Tabor tries to sell that energy prices will increase such that it would "decrease the disposable household income for North Dakota citizens, somewhere between $762 to $1,252 a year." What is left unmentioned is that this decrease is not realized until 2030, and it is not a net decrease but rather just a relative decrease. By 2030 the GDP and personal income will both increase, and even their most extreme case says US GDP and average personal income would increase by "only" about 95% of what they would without a cap-and-trade system (pdf link).

Remember, that loss of about 5% of the increase is only with the effort to pump up the costs and ignoring benefits from limiting greenhouse gas emissions. With more impartial examination than by business lobbying groups like ACCF & NAM, the costs are much less and actually include many financial benefits. And of course you can never expect these groups like the LEC to note the costs of avoiding a shift to clean, sustainable energy. The LEC is another believer in the fantasy world that water supplies, agriculture, etc will not suffer from climate change.
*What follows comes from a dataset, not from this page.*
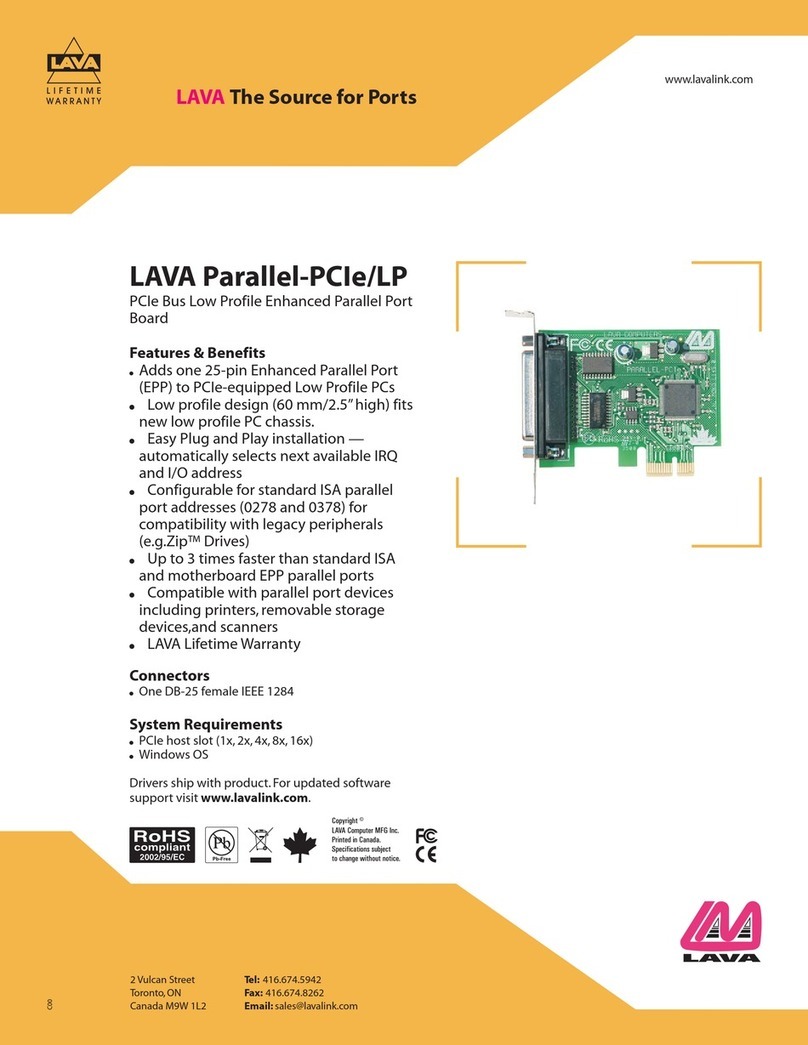 Lava Parallel-PCIe/LP datasheet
Tabor engages in some classic concern trolling, but clearly the LEC cares only about what is good for the LEC. They take climate change only seriously enough to stick their hand out to ask for more money for carbon sequestration research. The only "catastrophic consequences for North Dakota" the LEC shows any indication of wanting to avoid are loss of stature of the coal industry. To them, someone going from working getting coal out of the ground to building wind turbines or working on sustainable biofuels is simply a lost job. Of course coal jobs lost to automation are just efficiency and making the product cheaper for consumers, but that is neither here nor there.

The LEC wants you to believe we cannot get by unless they are fat and happy, even if that means polluting the present and mortgaging the future. They fear the realization that there can be a different and better way that does not leave them fat and happy. So into the path of progress they throw whatever junk they can, which is usually threats of how costly that progress supposedly would be. The LEC way would have us cling to the past and things like manual telephone exchanges and buggy whips because we could not afford to lose what they provide.